How to complete this task: Nothing in the entries below may be altered; print them as they stand.

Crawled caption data
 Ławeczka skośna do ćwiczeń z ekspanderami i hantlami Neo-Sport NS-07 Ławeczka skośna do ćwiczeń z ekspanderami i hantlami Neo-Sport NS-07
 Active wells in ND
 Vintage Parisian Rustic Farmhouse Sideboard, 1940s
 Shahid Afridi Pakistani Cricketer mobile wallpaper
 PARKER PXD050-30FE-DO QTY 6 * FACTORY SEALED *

Result of this exercise:
 Ławeczka skośna do ćwiczeń z ekspanderami i hantlami Neo-Sport NS-07 Ławeczka skośna do ćwiczeń z ekspanderami i hantlami Neo-Sport NS-07
 Active wells in ND
 Vintage Parisian Rustic Farmhouse Sideboard, 1940s
 Shahid Afridi Pakistani Cricketer mobile wallpaper
 PARKER PXD050-30FE-DO QTY 6 * FACTORY SEALED *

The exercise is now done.